Data records ::
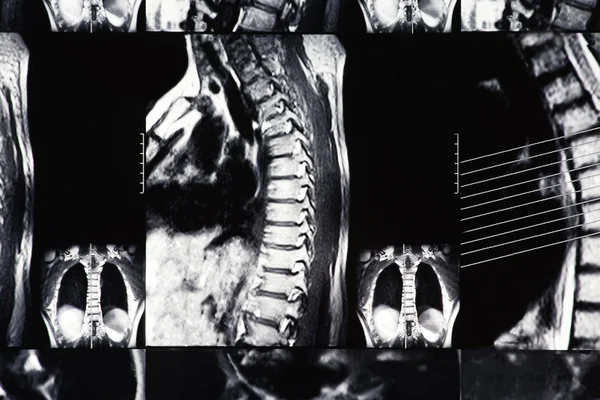 Röntgenkuva — kuvapankkivalokuva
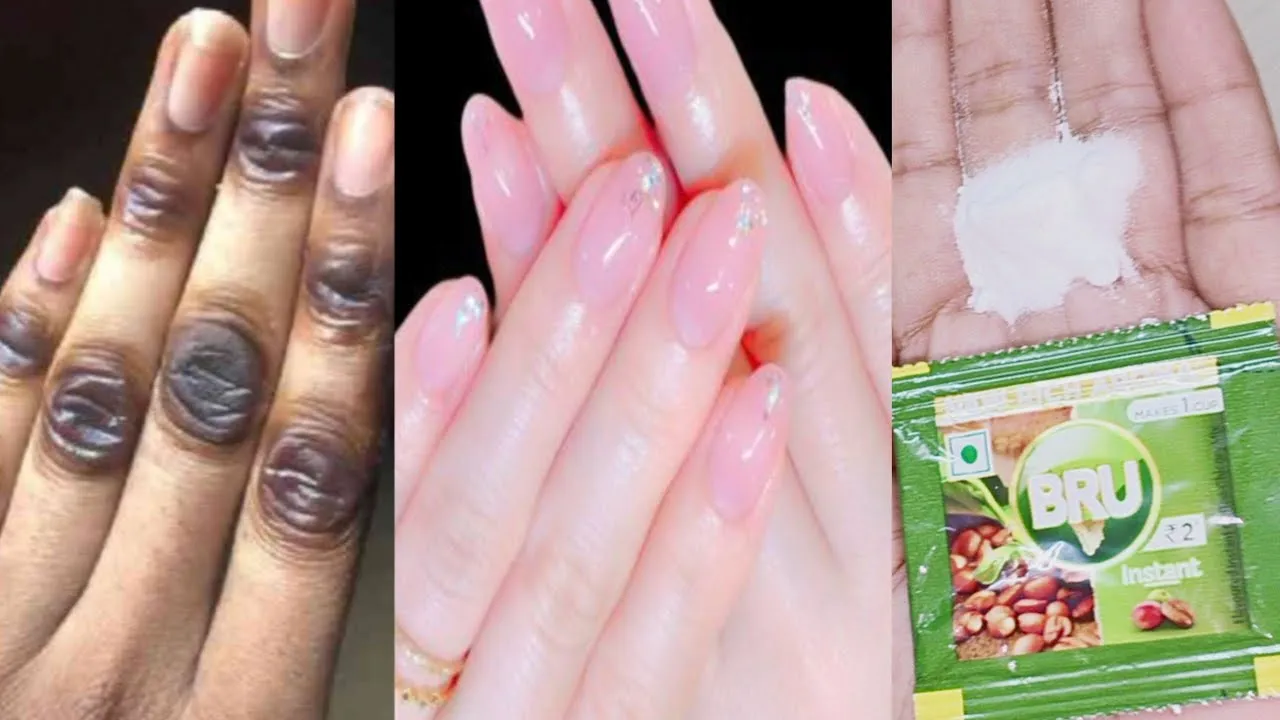 31044 hands whitening before after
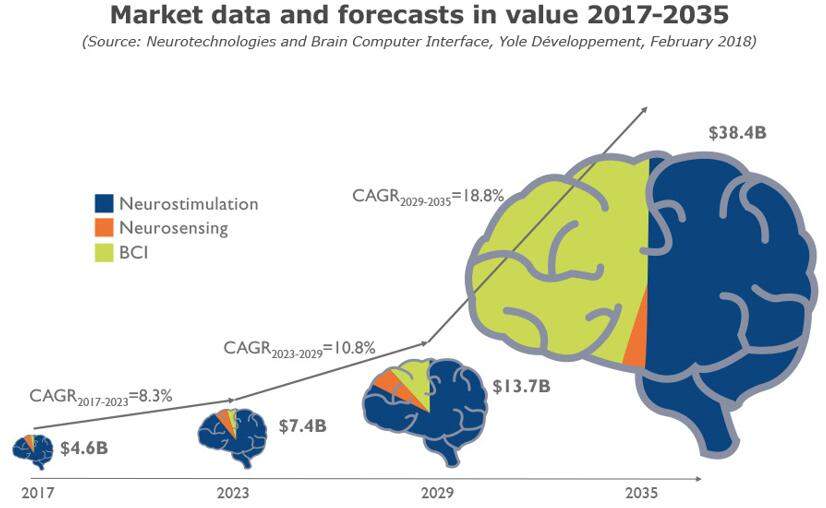 臻泰智能脑机,臻泰智能未来发展
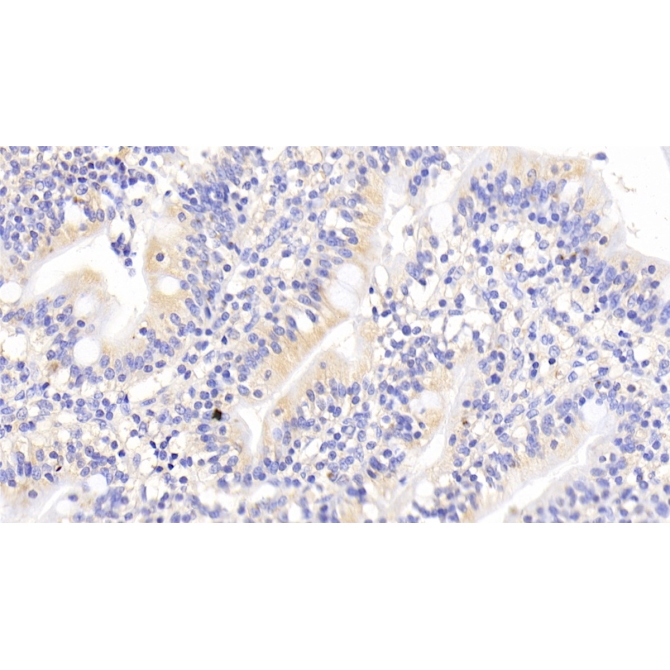 ATP Binding Cassette Transporter E1 (ABCE1) Human Polyclonal Antibody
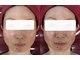 メディカルサロン かとれあの写真/[リフティングZERO]手の温もりが導く新発想リフト　
リピート率No. 1の心まで軽くなる極上リフティング術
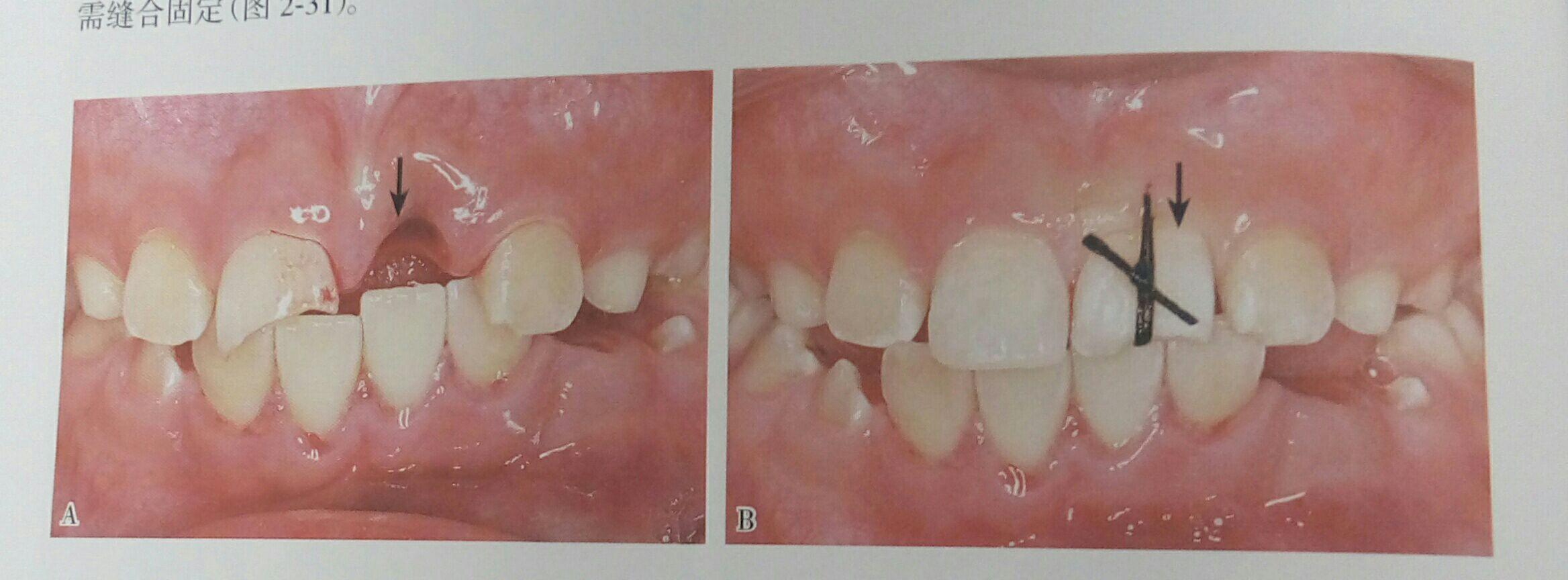 前牙外伤一周美塑树脂补牙一例 - 知乎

Your instructions :: Return the line containing "31044 hands whitening before after" and every line after it through the end of the records above, exactly and nothing else, but not the pictures.

Answer for this exercise ::
 31044 hands whitening before after
 臻泰智能脑机,臻泰智能未来发展
 ATP Binding Cassette Transporter E1 (ABCE1) Human Polyclonal Antibody
 メディカルサロン かとれあの写真/[リフティングZERO]手の温もりが導く新発想リフト　
リピート率No. 1の心まで軽くなる極上リフティング術
 前牙外伤一周美塑树脂补牙一例 - 知乎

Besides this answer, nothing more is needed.